Recently I was assigned a task by my college professor: we had to write a program in C, but I, being unaware of that, wrote the program in Python. Upon learning that it was necessary to code in C, I had to translate the entire code from Python to C, and I never wrote a C program as fast as I wrote that one. As I was writing, I thought to myself, “I wish there was a way to just convert this to a C code.”
Apparently there is, and companies like Facebook have been using transcoders to do it.
Facebook has launched an Open Source Library named TransCoder, which is basically an entirely self-supervised neural transcompiler system that makes code migration more efficient.
TransCoder builds a sequence-to-sequence (seq2seq) model with attention, composed of an encoder and a decoder with a transformer architecture.
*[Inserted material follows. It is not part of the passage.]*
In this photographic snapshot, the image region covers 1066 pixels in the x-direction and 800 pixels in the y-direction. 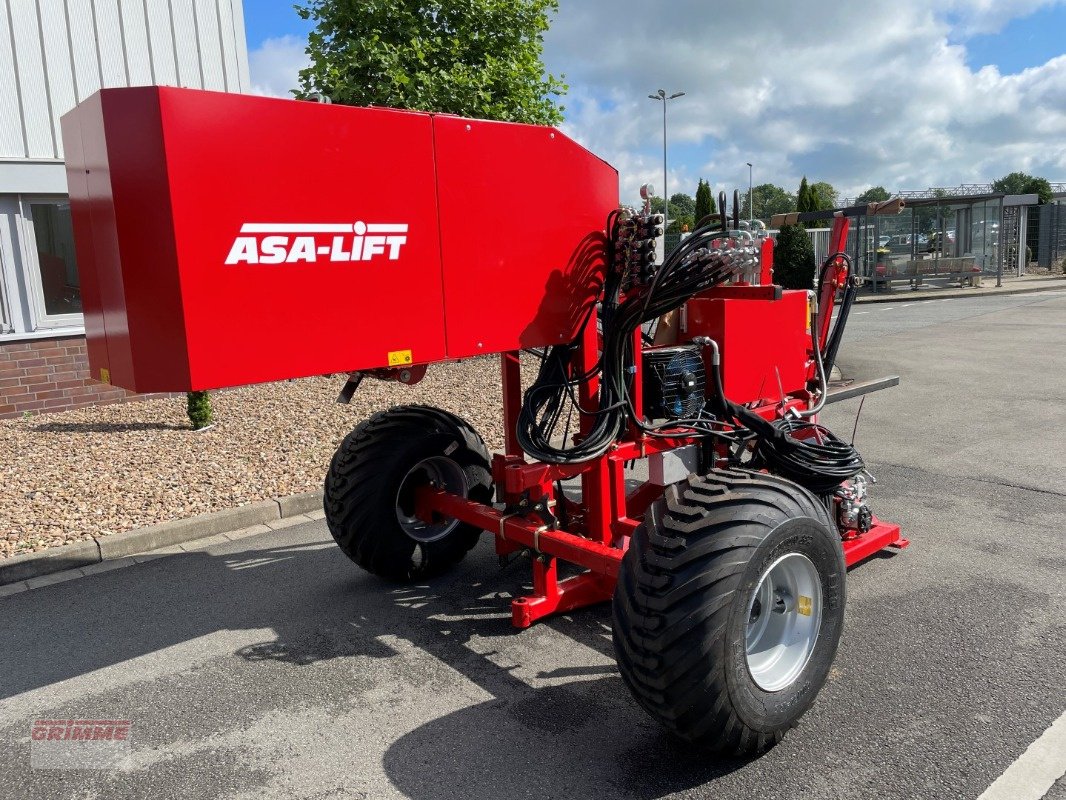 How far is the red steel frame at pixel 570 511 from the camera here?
12.8 feet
It uses a single shared model, based in part on Facebook AI’s previous work on XLM, for all programming languages.
The striking feature about TransCoder is that it does not require a parallel data for training. The difference between a TransCoder model from the traditional supervised models is that in self-supervised models the same code for both source and target languages is not needed. That solves many problems as both source and target codes for languages such as COBOL to C++ simply don’t exist.
In order to better understand the mechanisms behind TransCoder, one must first consider the different elements of translation, translator programs, and transcompilers.
When I first delved into the topic, I realised that Migrating codebase from an old programming language such as COBOL to a modern alternative like Java or C++ or Python is a very difficult yet essential task. It requires a lot of expertise and human effort. I learned that there are trans-compilers available. A transcompiler is a translator which converts between programming languages that operate at a similar level of abstraction. Using a transcompiler and manually adjusting the output source code may be a faster and cheaper solution than rewriting the entire codebase from scratch, however the limitation with them is that they are still rule-based code translators. Unfortunately, the resulting translations often lack readability, fail to respect the target language conventions, and require manual modifications in order to work properly. The overall translation process is time consuming and requires expertise in both the source and target languages, making code-translation projects expensive.
Converting between two object oriented languages like Java and C++ is incredibly complex, yet they are both C based. The translator program would have to have perfect knowledge of the standard libraries for both languages to be able to know the differences in behaviour.
Also to figure out how to convert a construct in the first language to a construct in the second language is another challenge. It is fine if you’re doing an object in C++ to an object in Java but what about the C++ structs? Or the functions outside of the C++ classes?
Programming languages are similar to natural languages in many ways, and natural language translation has been studied extensively. Yet it is also true that programming languages have a distinct structure which makes it harder to use the same tools for translation. For instance, the RNN-based sequence generator, which easily generates phrases in a natural language, finds it difficult to generate long syntactically correct programs.
Translating source code from one Turing-complete language to another is always possible in theory. Unfortunately, building a translator is difficult in practice: different languages can have different syntax and rely on different platform APIs and standard-library functions.
To sum up; these advances in machine translation for programming languages would not only make code migration easier but also could help people who don’t have the time or cannot afford courses to learn to program in multiple languages, or maybe even help complete assignments for students like me. However we still have a long way to go.